This report follows development aid being spent on narcotics control around the world. It calls on governments and donors to divest from punitive and prohibitionist drug control regimes which undermine their other health and human rights commitments, and invest in programmes which prioritise community, health and justice.
Mass incarceration and overpopulated prisons. Death sentences. Civilians killed during counter-narcotics operations by specialised police units. Poor farmers’ livelihoods destroyed by aerial spraying and other ‘forced eradication’ of crops they keep. Rights violated by forced treatment programmes, discrimination, and barriers to health care. These are among the consequences of the global war on drugs that has particularly impacted poor, marginalised, and racialised communities around the world.
The evidence base for such negative impacts is now vast and widely recognised internationally, including by United Nations agencies and in reports published by the World Bank and the Organisation for Economic Cooperation and Development (OECD). Also well-documented internationally are the benefits of alternative approaches to drug policy – including harm reduction initiatives that advance, rather than undermine, public health and human rights – and the lack of evidence that punitive and prohibitionist approaches to drugs have actually curbed drug use. Despite this, vast amounts of international funding continue to flow to punitive drug control activities, while harm reduction remains vastly underfunded.

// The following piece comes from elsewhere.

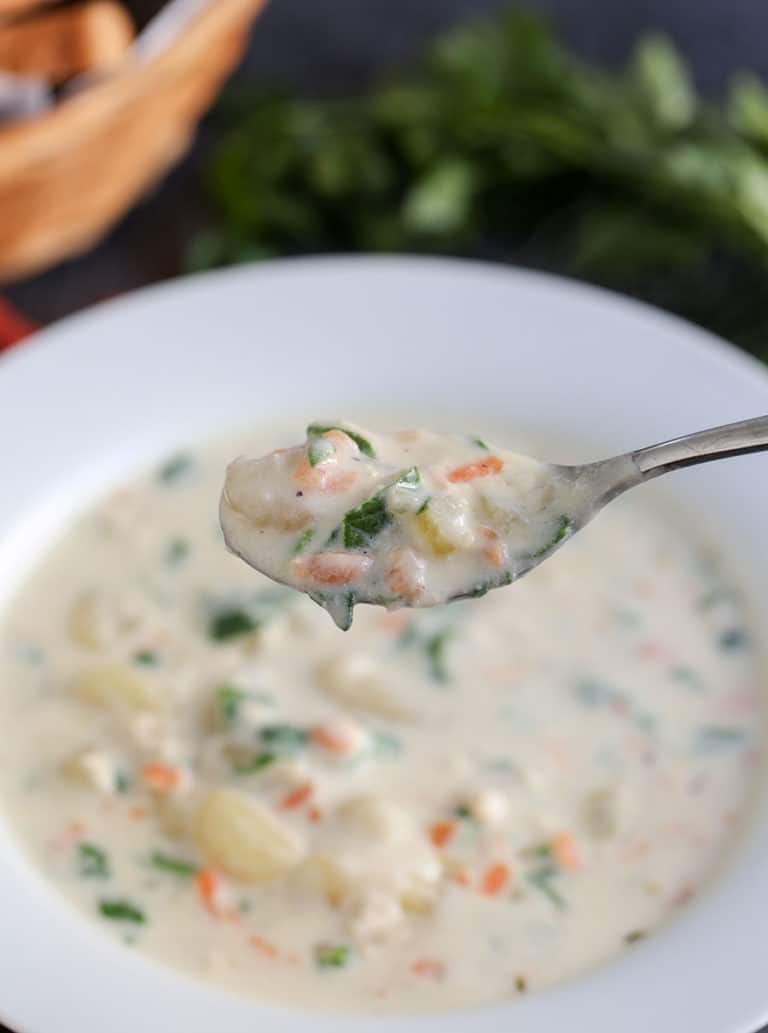 A bowl of food on a plate, with Chicken and Soup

There is a long history of drug policy being used by world powers to strengthen and enforce their control over other populations, and target specific communities. Racist and colonial dynamics continue to this day, with wealthier governments, led by the US, spending billions of taxpayer dollars around the world to bolster or expand punitive drug control regimes and related law enforcement. These funding flows are out of pace with existing evidence, as well as international development, health, and human rights commitments, including the goal to end AIDS by 2030. They rely on and reinforce systems that disproportionately harm Black, Brown and Indigenous people worldwide.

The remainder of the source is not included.